Piedmont's annual Convocation service opened the fall semester Aug. 28, with the Rev. Alvin W. Bunis, assistant minister at Plymouth Church in Brooklyn, N.Y., as the guest speaker.

A graduate of Harvard University with a degree in economics, Bunis transitioned to the ministry after a 29-year career on Wall Street. He admitted to the Piedmont students that had he been a more attentive student, he  might not have waited so long to pursue a career in the ministry. "If I had been more self-aware when in college, my approach to college would have been different," Bunis said. "I was not excited to learn, and I look back with regret now, because I did grow and change in my ways. I wish I had done things differently. I am happier now than I ever have been—I love being a pastor."

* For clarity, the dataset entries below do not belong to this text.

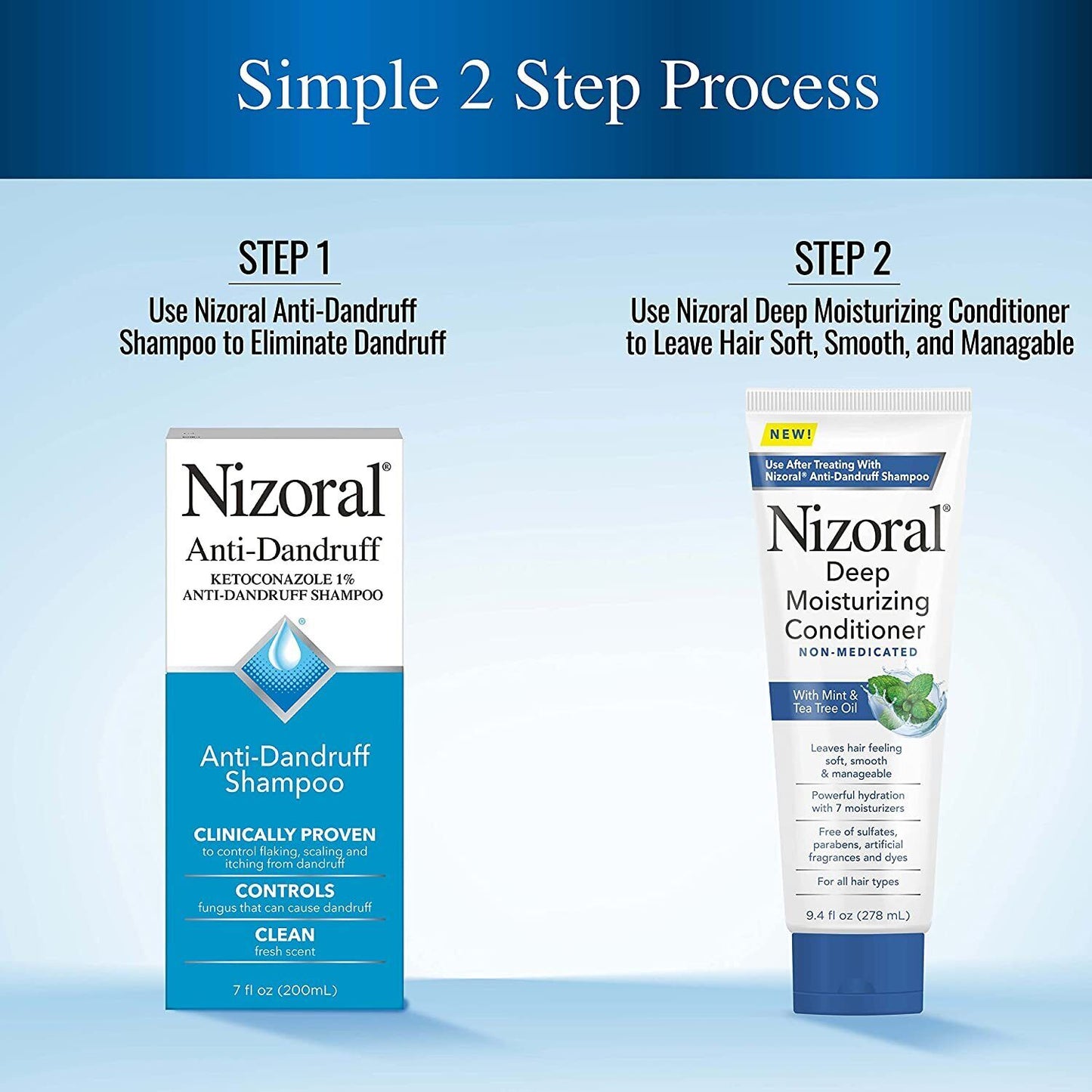 Nizoral Deep Moisturizing Anti Dandruff Conditioner for All Hair Types 278mL NEW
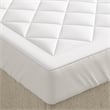 Sleep Philosophy Holden Waterproof Sofa Bed Mattress Pad in White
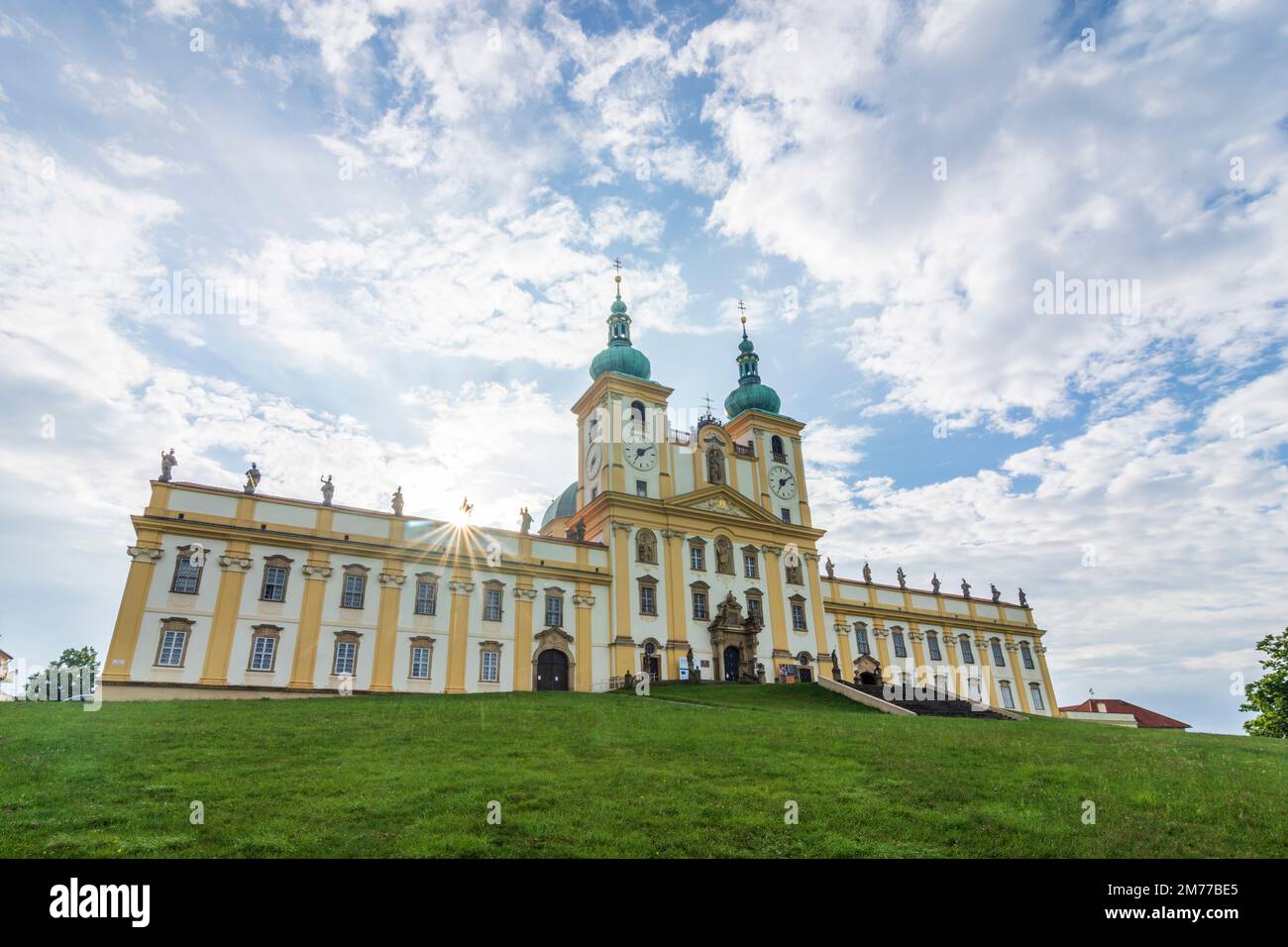 Olomouc (Olmütz) : Basilique de la Visitation à Svaty Kopecek (Heiligenberg) à , Olomoucky, région d'Olomouc, région d'Olmützer, Tchèque Banque D'Images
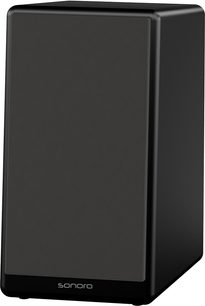 Altoparlante da libreria Sonoro Orchestra Slim Gen.2 nero con cabinet rettangolare e ampia griglia frontale grigio scuro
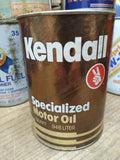 Vtg Kendall Specialized Motor Oil SAE 30 Super D III 1 Quart Paper Can Empty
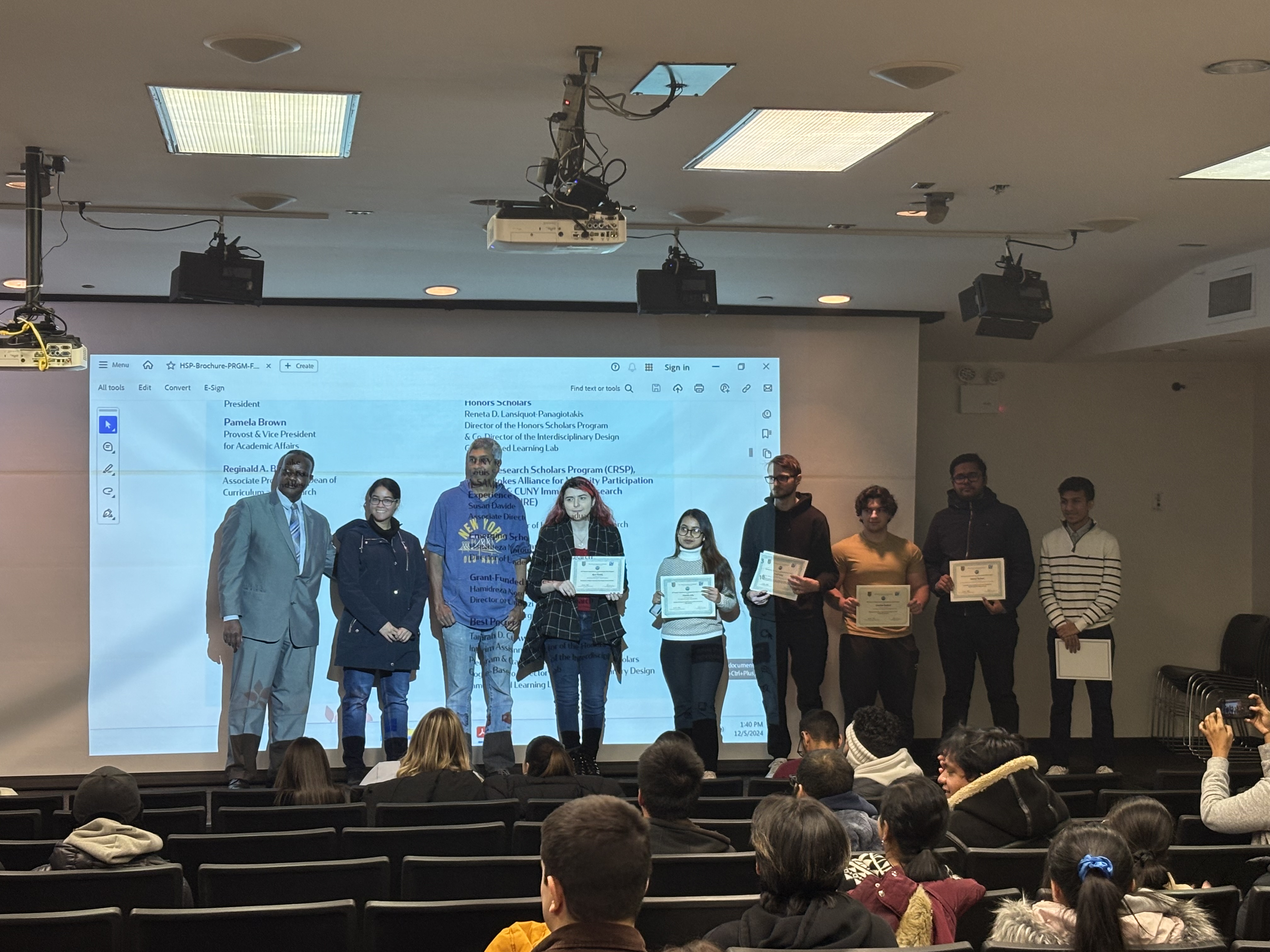 Fall 2024 Poster Session Awards Ceremony
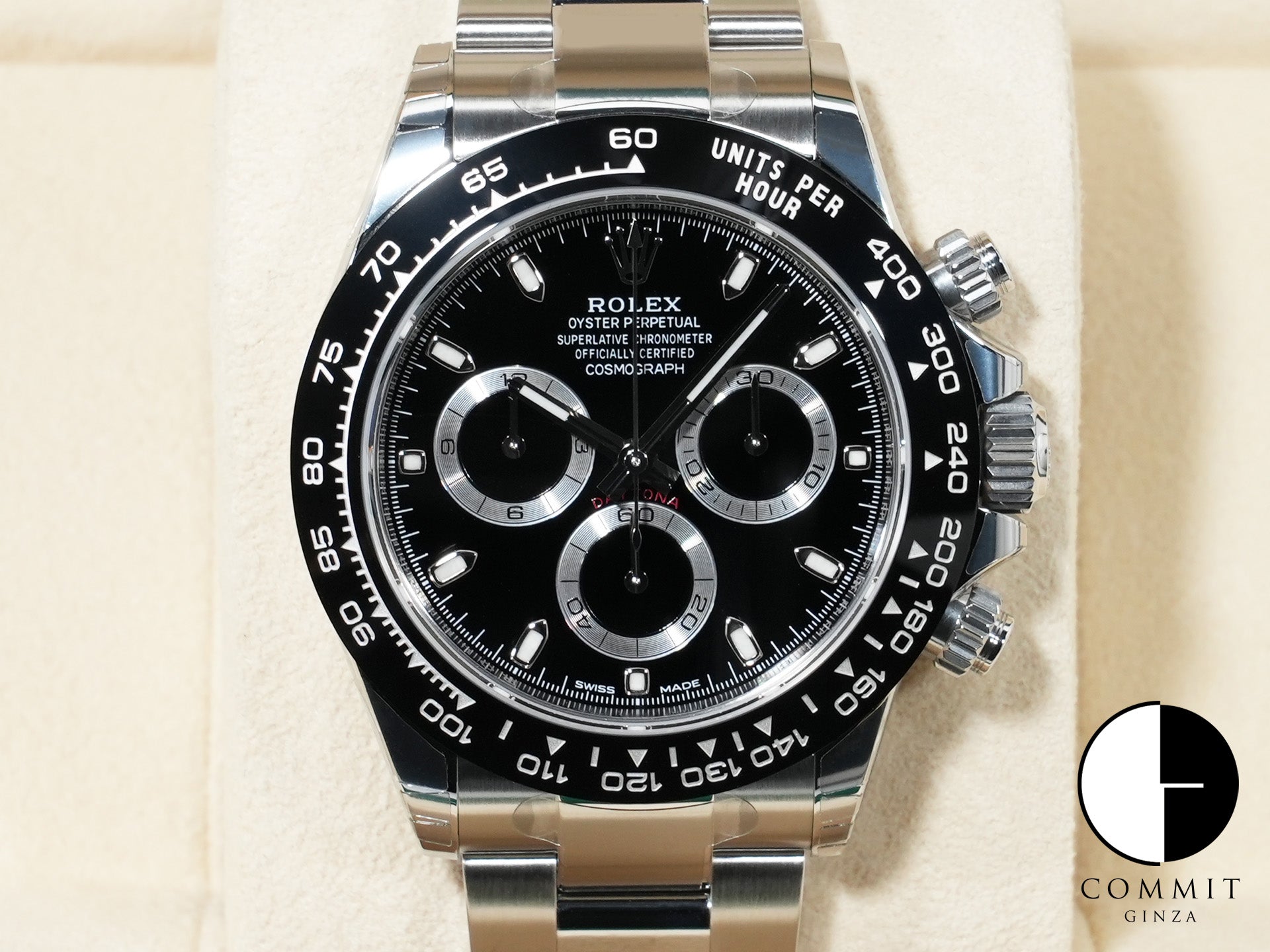 ロレックス デイトナ Ref.116500LN ステンレススチール ブラック文字盤 未使用 4ob5ruan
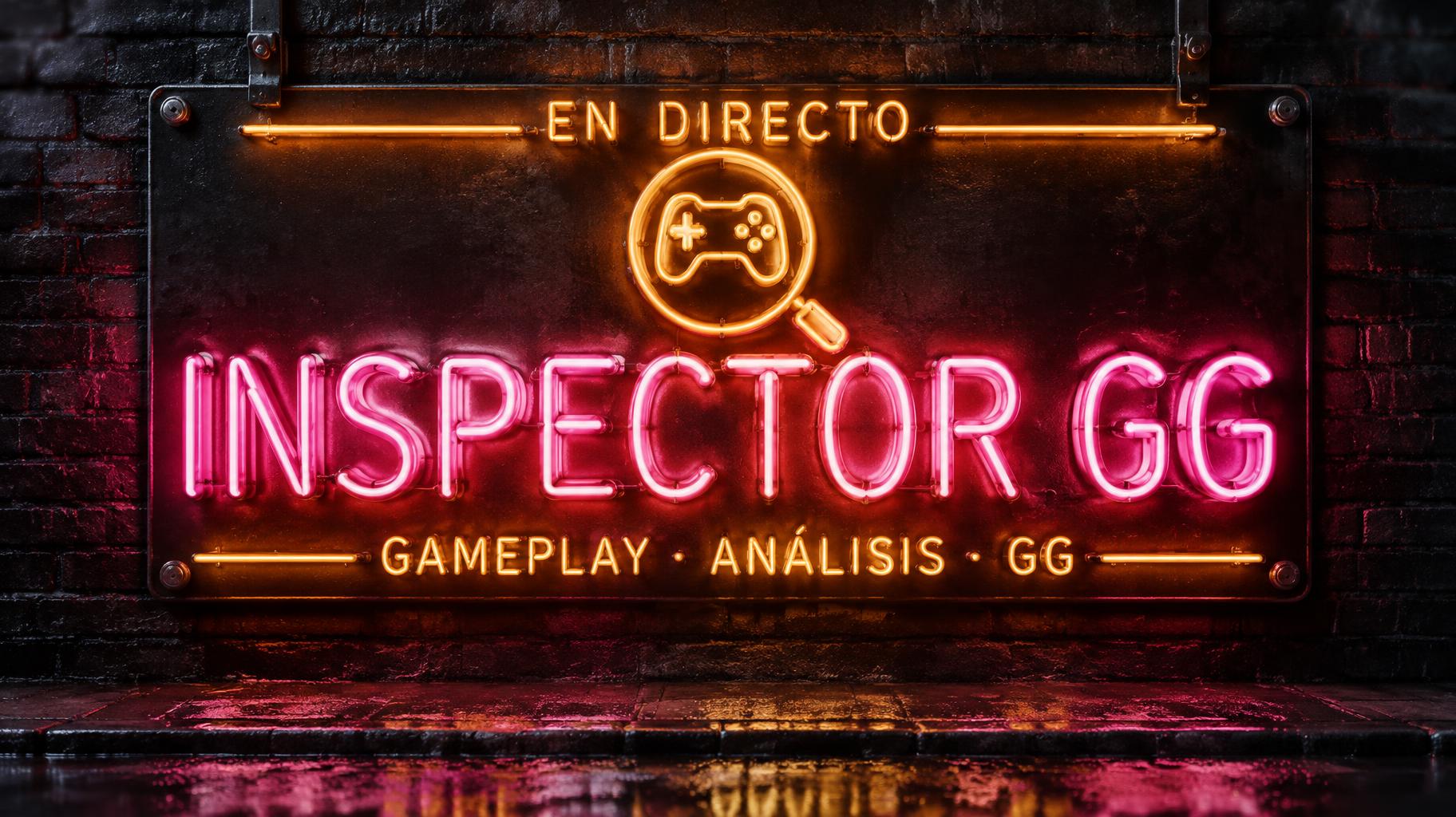 "INSPECTOR GG
EN DIRECTO
GAMEPLAY · ANÁLISIS · GG" — Neon Sign | AI Text Effect Generator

Bunis said he was not recommending a specific career path, "but college is the ideal place to try and find out what your passion is." Quoting author and theologian Howard Thurman, Bunis said, "Don't ask yourself what the world needs. Ask yourself what makes you come alive and then go do that. Because what the world needs is people who have come alive."

hodge-kf4m6712Piedmont senior Katarina Hodge had a similar message for the freshmen in the Class of 2017. Hodge said she did not pick a major until her junior year, after trying a variety of classes. It was not until she took a mass media survey class that she found "interesting and entertaining" that she chose mass communications as a major. "I waited for the right major to find me," she said.

Piedmont begins the fall semester with 2,368 students, including one of its largest freshman classes ever. Some 253 new undergraduates are enrolled, including 26 at the Athens campus. "The Demorest campus is just about at capacity," said President James Mellichamp, who noted that 575 boarding students are on campus this year, up from 568 in 2012. Even with the addition of three new dormitories in the past four years, only a few beds remain empty this year, he said.

Total undergraduate enrollment for both campuses is about the same as last year, 1,281 compared to 1,299, a difference of 11 students. On the Demorest campus there are 867 undergraduate students and 414 on the Athens campus. Total graduate enrollment is at 1,087 this year, compared to 1,174 last fall. The largest change came in the college's off-campus programs, which provide masters and specialist degree programs in school systems across the state. Off-campus enrollment this fall is 703, compared to 762 last fall.

Cindy Peterson, assistant vice president for student services and dean of admissions, noted that this year class is "academically strong with an average high school GPA of 3.38 and an average ACT score of 21.  They represent one of the most talented and engaged group of students and include veterans, first generation college students, and an exchange student from Padderborn University in Germany. Believe me when I say this class brings a unique set of qualities to our academic community."

Peterson said the county in Georgia sending the most students is Gwinnett, followed by Habersham, Hall and Jackson. In addition to Georgia, 12 states are represented, including 10 students from Florida, five from North Carolina, as well as others from Alabama, Arizona, Maryland, Pennsylvania, South Carolina and Tennessee. "We have an international student from Nova Scotia as well as a Rotary exchange student from the UK," she said.